How to complete this task:
Word for word, the listing below should be printed again.

Recorded data:

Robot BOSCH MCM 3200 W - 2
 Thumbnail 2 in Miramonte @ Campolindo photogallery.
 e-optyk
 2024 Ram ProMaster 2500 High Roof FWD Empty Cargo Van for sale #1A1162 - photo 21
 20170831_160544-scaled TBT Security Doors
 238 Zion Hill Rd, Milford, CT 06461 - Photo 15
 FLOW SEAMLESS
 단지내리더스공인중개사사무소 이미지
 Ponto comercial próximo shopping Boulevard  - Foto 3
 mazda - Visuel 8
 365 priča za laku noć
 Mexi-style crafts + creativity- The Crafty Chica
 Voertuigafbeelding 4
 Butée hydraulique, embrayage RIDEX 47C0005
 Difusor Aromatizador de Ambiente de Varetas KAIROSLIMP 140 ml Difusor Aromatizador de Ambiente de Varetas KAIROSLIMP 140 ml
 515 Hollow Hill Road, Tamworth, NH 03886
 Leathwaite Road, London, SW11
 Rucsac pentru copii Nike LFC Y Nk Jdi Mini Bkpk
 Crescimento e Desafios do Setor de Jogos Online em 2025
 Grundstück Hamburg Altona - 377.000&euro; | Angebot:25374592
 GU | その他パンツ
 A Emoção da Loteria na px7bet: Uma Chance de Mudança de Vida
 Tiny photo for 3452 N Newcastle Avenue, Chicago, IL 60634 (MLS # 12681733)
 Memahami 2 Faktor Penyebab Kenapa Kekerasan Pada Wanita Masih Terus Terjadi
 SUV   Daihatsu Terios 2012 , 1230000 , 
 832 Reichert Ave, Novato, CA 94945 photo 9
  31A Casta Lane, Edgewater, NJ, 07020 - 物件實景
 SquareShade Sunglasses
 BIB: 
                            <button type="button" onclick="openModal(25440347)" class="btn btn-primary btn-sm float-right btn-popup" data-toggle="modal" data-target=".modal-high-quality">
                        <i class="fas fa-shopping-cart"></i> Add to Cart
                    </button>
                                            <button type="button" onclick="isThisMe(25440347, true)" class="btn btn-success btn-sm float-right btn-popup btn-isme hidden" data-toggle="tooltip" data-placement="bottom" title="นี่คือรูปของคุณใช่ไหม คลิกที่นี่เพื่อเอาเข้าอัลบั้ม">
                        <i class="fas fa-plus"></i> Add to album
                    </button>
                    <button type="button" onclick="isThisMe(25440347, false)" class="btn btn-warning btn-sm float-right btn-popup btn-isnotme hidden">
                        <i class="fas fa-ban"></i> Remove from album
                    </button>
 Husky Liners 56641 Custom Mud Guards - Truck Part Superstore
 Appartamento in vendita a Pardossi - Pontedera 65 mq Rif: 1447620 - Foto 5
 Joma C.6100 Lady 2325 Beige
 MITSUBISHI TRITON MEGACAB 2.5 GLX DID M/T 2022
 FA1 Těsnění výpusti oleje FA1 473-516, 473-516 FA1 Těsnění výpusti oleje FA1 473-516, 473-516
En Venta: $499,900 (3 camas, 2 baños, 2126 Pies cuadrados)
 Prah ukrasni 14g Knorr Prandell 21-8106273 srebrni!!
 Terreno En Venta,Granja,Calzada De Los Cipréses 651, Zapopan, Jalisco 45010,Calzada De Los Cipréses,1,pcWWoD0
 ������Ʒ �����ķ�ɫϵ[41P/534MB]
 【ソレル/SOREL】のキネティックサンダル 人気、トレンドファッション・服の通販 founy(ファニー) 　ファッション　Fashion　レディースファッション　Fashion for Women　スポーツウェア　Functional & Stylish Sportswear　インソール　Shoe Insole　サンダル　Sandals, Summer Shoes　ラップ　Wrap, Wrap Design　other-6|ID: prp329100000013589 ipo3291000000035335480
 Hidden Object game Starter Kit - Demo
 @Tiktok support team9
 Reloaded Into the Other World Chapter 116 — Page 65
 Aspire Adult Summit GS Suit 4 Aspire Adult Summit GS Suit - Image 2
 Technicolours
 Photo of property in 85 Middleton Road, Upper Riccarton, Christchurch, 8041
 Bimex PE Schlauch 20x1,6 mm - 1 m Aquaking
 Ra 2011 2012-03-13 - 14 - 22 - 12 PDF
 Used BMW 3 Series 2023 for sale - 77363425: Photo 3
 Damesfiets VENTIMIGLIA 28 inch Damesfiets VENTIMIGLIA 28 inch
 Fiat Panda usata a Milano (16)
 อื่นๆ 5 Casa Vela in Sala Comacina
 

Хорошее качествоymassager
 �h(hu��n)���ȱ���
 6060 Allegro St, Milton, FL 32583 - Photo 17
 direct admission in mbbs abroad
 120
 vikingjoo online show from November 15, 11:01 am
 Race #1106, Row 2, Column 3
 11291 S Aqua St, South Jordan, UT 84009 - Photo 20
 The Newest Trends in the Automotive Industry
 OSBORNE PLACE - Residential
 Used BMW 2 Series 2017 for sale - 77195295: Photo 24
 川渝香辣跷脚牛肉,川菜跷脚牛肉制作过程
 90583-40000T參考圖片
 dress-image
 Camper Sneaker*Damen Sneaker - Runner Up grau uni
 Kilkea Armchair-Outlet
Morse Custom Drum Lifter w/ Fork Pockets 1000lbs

Written solution:
Robot BOSCH MCM 3200 W - 2
 Thumbnail 2 in Miramonte @ Campolindo photogallery.
 e-optyk
 2024 Ram ProMaster 2500 High Roof FWD Empty Cargo Van for sale #1A1162 - photo 21
 20170831_160544-scaled TBT Security Doors
 238 Zion Hill Rd, Milford, CT 06461 - Photo 15
 FLOW SEAMLESS
 단지내리더스공인중개사사무소 이미지
 Ponto comercial próximo shopping Boulevard  - Foto 3
 mazda - Visuel 8
 365 priča za laku noć
 Mexi-style crafts + creativity- The Crafty Chica
 Voertuigafbeelding 4
 Butée hydraulique, embrayage RIDEX 47C0005
 Difusor Aromatizador de Ambiente de Varetas KAIROSLIMP 140 ml Difusor Aromatizador de Ambiente de Varetas KAIROSLIMP 140 ml
 515 Hollow Hill Road, Tamworth, NH 03886
 Leathwaite Road, London, SW11
 Rucsac pentru copii Nike LFC Y Nk Jdi Mini Bkpk
 Crescimento e Desafios do Setor de Jogos Online em 2025
 Grundstück Hamburg Altona - 377.000&euro; | Angebot:25374592
 GU | その他パンツ
 A Emoção da Loteria na px7bet: Uma Chance de Mudança de Vida
 Tiny photo for 3452 N Newcastle Avenue, Chicago, IL 60634 (MLS # 12681733)
 Memahami 2 Faktor Penyebab Kenapa Kekerasan Pada Wanita Masih Terus Terjadi
 SUV   Daihatsu Terios 2012 , 1230000 , 
 832 Reichert Ave, Novato, CA 94945 photo 9
  31A Casta Lane, Edgewater, NJ, 07020 - 物件實景
 SquareShade Sunglasses
 BIB: 
                            <button type="button" onclick="openModal(25440347)" class="btn btn-primary btn-sm float-right btn-popup" data-toggle="modal" data-target=".modal-high-quality">
                        <i class="fas fa-shopping-cart"></i> Add to Cart
                    </button>
                                            <button type="button" onclick="isThisMe(25440347, true)" class="btn btn-success btn-sm float-right btn-popup btn-isme hidden" data-toggle="tooltip" data-placement="bottom" title="นี่คือรูปของคุณใช่ไหม คลิกที่นี่เพื่อเอาเข้าอัลบั้ม">
                        <i class="fas fa-plus"></i> Add to album
                    </button>
                    <button type="button" onclick="isThisMe(25440347, false)" class="btn btn-warning btn-sm float-right btn-popup btn-isnotme hidden">
                        <i class="fas fa-ban"></i> Remove from album
                    </button>
 Husky Liners 56641 Custom Mud Guards - Truck Part Superstore
 Appartamento in vendita a Pardossi - Pontedera 65 mq Rif: 1447620 - Foto 5
 Joma C.6100 Lady 2325 Beige
 MITSUBISHI TRITON MEGACAB 2.5 GLX DID M/T 2022
 FA1 Těsnění výpusti oleje FA1 473-516, 473-516 FA1 Těsnění výpusti oleje FA1 473-516, 473-516
En Venta: $499,900 (3 camas, 2 baños, 2126 Pies cuadrados)
 Prah ukrasni 14g Knorr Prandell 21-8106273 srebrni!!
 Terreno En Venta,Granja,Calzada De Los Cipréses 651, Zapopan, Jalisco 45010,Calzada De Los Cipréses,1,pcWWoD0
 ������Ʒ �����ķ�ɫϵ[41P/534MB]
 【ソレル/SOREL】のキネティックサンダル 人気、トレンドファッション・服の通販 founy(ファニー) 　ファッション　Fashion　レディースファッション　Fashion for Women　スポーツウェア　Functional & Stylish Sportswear　インソール　Shoe Insole　サンダル　Sandals, Summer Shoes　ラップ　Wrap, Wrap Design　other-6|ID: prp329100000013589 ipo3291000000035335480
 Hidden Object game Starter Kit - Demo
 @Tiktok support team9
 Reloaded Into the Other World Chapter 116 — Page 65
 Aspire Adult Summit GS Suit 4 Aspire Adult Summit GS Suit - Image 2
 Technicolours
 Photo of property in 85 Middleton Road, Upper Riccarton, Christchurch, 8041
 Bimex PE Schlauch 20x1,6 mm - 1 m Aquaking
 Ra 2011 2012-03-13 - 14 - 22 - 12 PDF
 Used BMW 3 Series 2023 for sale - 77363425: Photo 3
 Damesfiets VENTIMIGLIA 28 inch Damesfiets VENTIMIGLIA 28 inch
 Fiat Panda usata a Milano (16)
 อื่นๆ 5 Casa Vela in Sala Comacina
 

Хорошее качествоymassager
 �h(hu��n)���ȱ���
 6060 Allegro St, Milton, FL 32583 - Photo 17
 direct admission in mbbs abroad
 120
 vikingjoo online show from November 15, 11:01 am
 Race #1106, Row 2, Column 3
 11291 S Aqua St, South Jordan, UT 84009 - Photo 20
 The Newest Trends in the Automotive Industry
 OSBORNE PLACE - Residential
 Used BMW 2 Series 2017 for sale - 77195295: Photo 24
 川渝香辣跷脚牛肉,川菜跷脚牛肉制作过程
 90583-40000T參考圖片
 dress-image
 Camper Sneaker*Damen Sneaker - Runner Up grau uni
 Kilkea Armchair-Outlet
Morse Custom Drum Lifter w/ Fork Pockets 1000lbs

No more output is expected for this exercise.